Travis E. Oliphant schrieb:
...
How to handle unicode data-formats could definitely be improved.
As before, I'm doubtful what the actual needs are. For example, is
it desired to support generation of ID3v2 tags with such a data
format? The tag is specified here:
Perhaps I was not clear enough about what I'm try to do.   For a long 
time a lot of people have wanted something like Numeric in Python 
itself.  There have been many hurdles to that goal.

After discussions at SciPy 2006 with Guido, we decided that the best way 
to proceed at this point was to extend the buffer protocol to allow 
packages to share array-like information with each-other.

There are several things missing from the buffer protocol that NumPy 
needs in order to be able to really understand the (fixed-size) memory 
another package has allocated and is sharing.

The most important of these is

1) Shape information
2) Striding information
3) Data-format information  (how is each element perceived).

Shape and striding information can be shared with a C-array of integers.

How is data-format information supposed to be shared?

We've come up with a very flexible way to do this in NumPy using a 
single Python object.  This Python object supports describing the layout 
of any fixed-size chunk of memory (right now in units of bytes --- bit 
fields could be added, though).

I'm proposing to add this object to Python so that the buffer protcol 
has a fast and efficient way to share #3.   That's really all I'm after.

It also bothers me that so many ways to describe binary data are being 
used out there.  This is a problem that deserves being solved.  And, no, 
ctypes hasn't solved it (we can't directly use the ctypes solution). 
Perhaps this PEP doesn't hit all the corners, but a data-format object 
*is* a useful thing to consider.

The array object in Python already has a PyArray_Descr * structure that 
is a watered-down version of what I'm talking about.   In fact, this is 
what Numeric built from (or vice-versa actually).  And NumPy has greatly 
enhanced this object for any conceivable structure.

Guido seemed to think the data-type objects were nice when he saw them 
at SciPy 2006, and so I'm presenting a PEP.
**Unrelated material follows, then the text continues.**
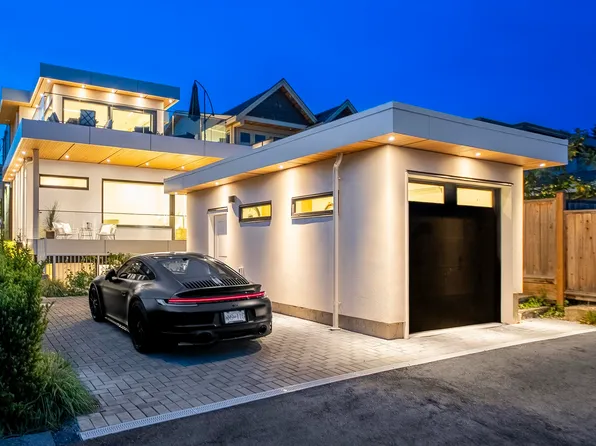 1236 Duchess Ave, West Vancouver, BC V7T 1H4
Without the data-format object, I'm don't know how to extend the buffer 
protocol to communicate data-format information.  Do you have a better 
idea?

I have no trouble limiting the data-type object to the buffer protocol 
extension PEP, but I do think it could gain wider use.
...
Is it the intent of this PEP to support such data structures,
and allow the user to fill in a Unicode object, and then the
processing is automatic? (i.e. in ID3v1, the string gets
automatically Latin-1-encoded and zero-padded, in ID3v2, it
gets automatically UTF-8 encoded, and null-terminated)
No, the point of the data-format object is to communicate information 
about data-formats not to encode or decode anything.   Users of the 
data-format object could decide what they wanted to do with that 
information.   We just need a standard way to communicate it through the 
buffer protocol.

-Travis